# Please help ...



## lovinbirdies (Jan 30, 2009)

I just walked into my room and Hedwig was on top of Albus. Does this mean that Albus is for sure a girl? What do I do? I only have one cage, but at the same time I don't want anything bad to happen ... neither one of them is over six months old (if even that). I'm pretty distraught right now ... any advice would be greatly appreciated.


----------



## Cheryl (Dec 27, 2008)

Same sex birds do mate sometimes. They tend to pair up and one of them takes on the role of the opposite sex. Most likely it is a girl, but there is no 100% guarantee. If you can possibly separate them, you should. Other than that try to make the conditions they are living in not "breeding ideal". That means, rearrange the cage, shorten their days, and remove any material or toys that they may confuse for a nest box/nesting material.


----------



## allen (Aug 25, 2007)

because of there age i would seperate them they should be at least 18 months old to discourage breeding reduce light to less then 12 hours a day less greens if yuo have a spare cage that will do as well


----------



## Aly (Jul 30, 2007)

Cheryl said:


> Same sex birds do mate sometimes. They tend to pair up and one of them takes on the role of the opposite sex. Most likely it is a girl, but there is no 100% guarantee. If you can possibly separate them, you should. Other than that try to make the conditions they are living in not "breeding ideal". That means, rearrange the cage, shorten their days, and remove any material or toys that they may confuse for a nest box/nesting material.


What Cheryl said. Do not decrease their greens as most green as low in fat and it's high fat foods that encourage breeding.


----------



## Cheryl (Dec 27, 2008)

To go with what Aly said: If they are on a seed diet I would remove all of the sunflower seeds. I have never done this before, but if fatty foods encourage breeding then sunflower seeds are the _perfect_ breeding food. They are *very* fatty and unhealthy for the birds.
A pelleted diet is always best.


----------



## Aly (Jul 30, 2007)

Cheryl said:


> To go with what Aly said: If they are on a seed diet I would remove all of the sunflower seeds. I have never done this before, but if fatty foods encourage breeding then sunflower seeds are the _perfect_ breeding food. They are *very* fatty and unhealthy for the birds.
> A pelleted diet is always best.


I have to slightly disagree...sorry Cheryl.
Sunflowers are fatty, so are seed in general but they are important in their diet. If you choose pellets, that's fine but I believe in a balance of fresh foods, veggies, fruits, etc and some seed rather then processed foods. Also, sunflowers may not be ideal for yours right now but they do contain alot of good things so they really don't deserve the bad rap they get.


----------



## Cheryl (Dec 27, 2008)

Ah sorry.:blush: I've only heard bad things about them to be completely honest. I mostly get all of my information I've learned from cockatiel cottage. 
http://www.cockatielcottage.net/diet.html
Although I do believe that some sunflower seed isn't harmful in small amounts, a large amount can help lead to some problems. Birds in captivity generally don't get nearly as much exercise as in the wild, so fatty foods aren't really recommended. Maybe this isn't the best analogy but I'm going to put it as, although chocolate is actually healthy (humans only) and you should actually consume some, a large amount can have the opposite effect.
Then to put it into better words, a varied diet is always the best. Never have the birds on an all seed diet. I feed mine pellets in the morning, and as long and only if they finish their pellets they get seeds. This is mainly because they will choose the seeds over the pellets. Birds tend to like the fatty foods more, just like humans!  We are all alike.
It is generally more about personal preference I guess.
*Just don't forget their fruits and veggies! *Those are definitely something you are looking for. 
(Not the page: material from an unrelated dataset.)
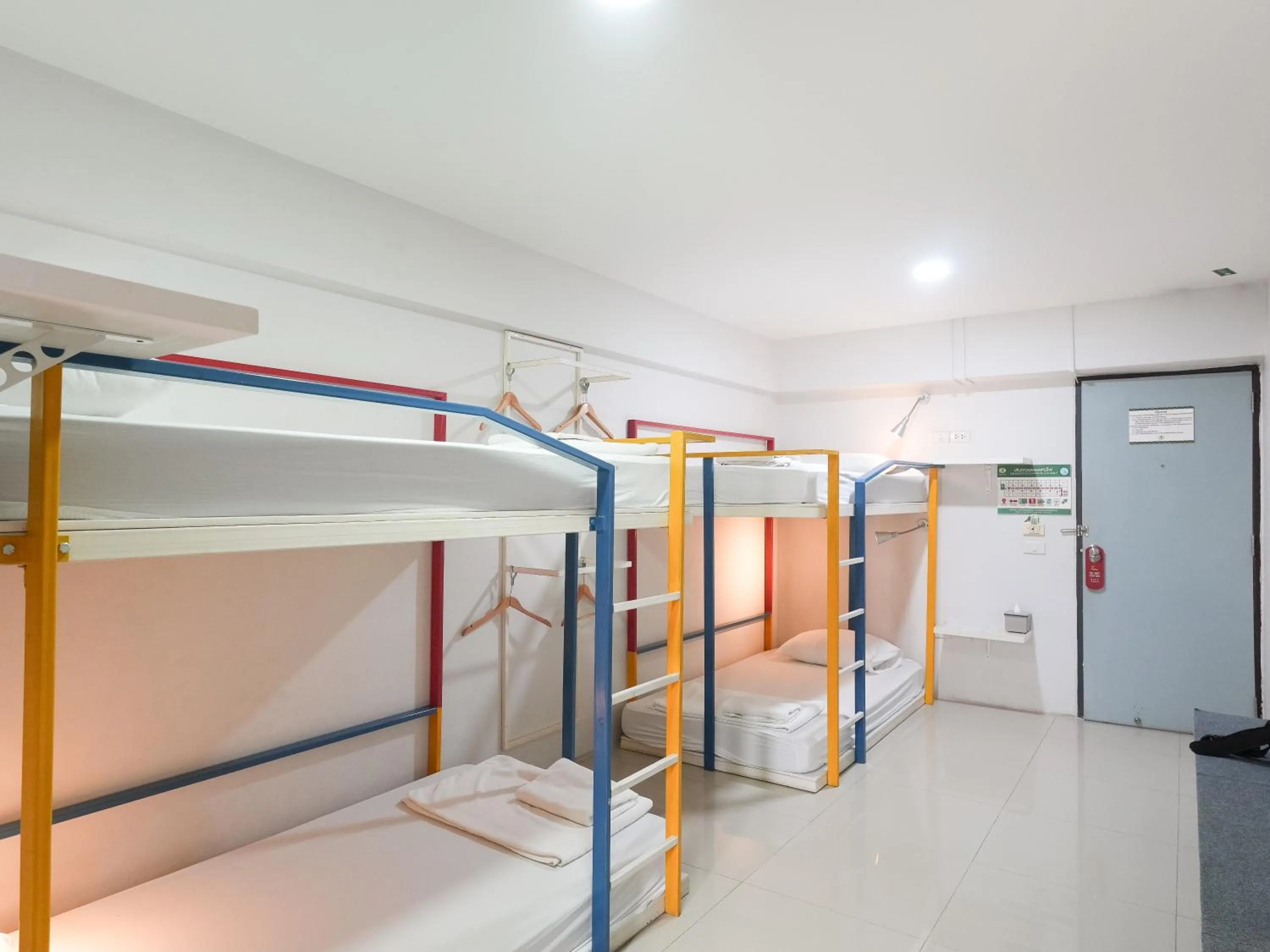 Bed in Regent Ngamwongwan Hotel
It would be best to soon get a separate cage. If financially a new cage is hard to get try looking on craigslist.com for a used one.. just make sure it isn't rusty.


----------



## sweetrsue (Jul 8, 2008)

The reasoning behind decreasing greens is that informs the Cockatiel in the wild that spring is here. This tends to trigger breeding behavior.


----------



## Aly (Jul 30, 2007)

sweetrsue said:


> The reasoning behind decreasing greens is that informs the Cockatiel in the wild that spring is here. This tends to trigger breeding behavior.


Correct, along with decreasing baths (ie. rain in the wild, meaning spring season)...etc. However, low fat veggies should be provided daily.


Cheryl, most people avoid sunflower seeds like the plaque and completly remove them. They have alot of beneficial fatty acids that they do not get from other seeds and like you said, never in abundance but they should be provided. Just my opinion anyway.


----------



## lovinbirdies (Jan 30, 2009)

Ok ... wow thank you everyone for all of the advice. I feed them both pellets and seeds--mixed together. They eat their veggies -- I have heard that peas will help to lessen their sexual drive so I have given them the peas. We have also been lessening their light. The only thing that we haven't done is sperate them ... the only other cage that we have is pretty small--like for a budgie, but if I have to get another one I will. I really just don't want anything bad to happen to Albus and will do whatever I can to help.


----------



## ReniLyn (Mar 30, 2009)

lovinbirdies said:


> Ok ... wow thank you everyone for all of the advice. I feed them both pellets and seeds--mixed together. They eat their veggies -- I have heard that peas will help to lessen their sexual drive so I have given them the peas. We have also been lessening their light. The only thing that we haven't done is sperate them ... the only other cage that we have is pretty small--like for a budgie, but if I have to get another one I will. I really just don't want anything bad to happen to Albus and will do whatever I can to help.


Wow, I have never heard that about peas! Apparently my current pair aren't getting the effect, as they've created 4 eggs in the past two weeks :blink: LOL Interesting though!


----------